For the next 10 pages or so, reminiscent of Batman Begins, Adam gets mentored by Zodak for the next seven years and turns the pampered 14yr old Prince Adam into a 21 yr old bad ass warrior. We get some more cool backstory which I prefer not to spoil. Basically, Adam has to prove himself worthy of the Sword of Light and to use the power of the Sword to create balance, to fight for something greater than himself. We find out that Keldor/Skeletor was actually King Randor’s brother…Adam’s uncle.

We also find out that the Sorceress is the only surviving member of the original Six Masters of the Universe. Now she is the protector of Castle Greyskull. If Adam can get the Sorceress to unlock the Sword of Light, he will be able to stand up to his uncle and take back Eternia. But first, Adam has to prove himself worthy and find Castle Greyskull which is well hidden. So the script also throws in a treasure hunt for good measure and executed perfectly.

The Masters once spoke about the Legend of the He-Man. A fallen son who would find the Sword of Light and unify his kingdom. Will Adam fulfill his destiny? Well, I guess we are going to have to wait and see what Warner Brothers decides to do. I hope to God they make this because you can see the effort it took over a year to complete this draft. The script is lean, mean, got no fat, no camp or cheese and is full of story and action. A special effects house is going to have a field day with the set pieces and battles that take place throughout the story. Like I said earlier, Warners executes this remotely like 300 – they have a monster hit and a potential franchise on their hands. My sources tell me the young execs behind Grayskull are MOTU fanboys that are passionate about this project and are really trying hard to take this to the next level.

Ok, so Silver Pictures took a bit of a hit with Speed Racer, so what? Silver Pictures has in their possession, a script that lays out the blueprint for a movie that is guaranteed to be a fanboy classic. All that made He-man corny, even that forgettable Dolph Lundgren movie is not here. MOTU fans get the movie they have been wishing for over 25 years. I got some bad news folks, unfortunately, pertaining to HE-MAN, since Silver took a hit with Speed Racer, Warners has been unresponsive to Silver projects.

Hands down folks, Justin Marks listened to the fanboys and wrote the next potential Lord of the Rings. Mr. Silver, Mr. Horn, and Mr. Robinov, I hope you are reading this. You would be insane not to at least look at this. Give this script to any creative exec in their early 30s at the studio and I dare you guys to tell me that I’m dead wrong about Grayskull.

Anyway, in spite of the writer’s strike, this has so far been a damn good year for scripts and GRAYSKULL: THE MASTERS OF THE UNIVERSE is already and easily in my top five.
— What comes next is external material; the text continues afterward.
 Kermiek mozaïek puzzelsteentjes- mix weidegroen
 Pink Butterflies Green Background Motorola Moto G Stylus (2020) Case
I would spoil a lot more but I hope the groundwork I presented today gets all you fans excited. It would be a disservice to spoil more but I leave you with this, the supporting characters.

Along with SKELETOR and EVIL-LYN, the bad guys are TRAP-JAW, TRI-KLOPS (Skeletor’s main henchman), and BEAST MAN. Skeletor’s evil cat PANTHOR is in here too.

The good guys that side with Adam along with ZODAK are MEKANEK, MAN-AT-ARMS, his daughter TEELA, and of course BATTLECAT. Battlecat is totally bad ass in this.


Bad guy vehicles? How about ROTONS, DOOMSEEKERS, and SHADOW BEASTS!

So there ya have it.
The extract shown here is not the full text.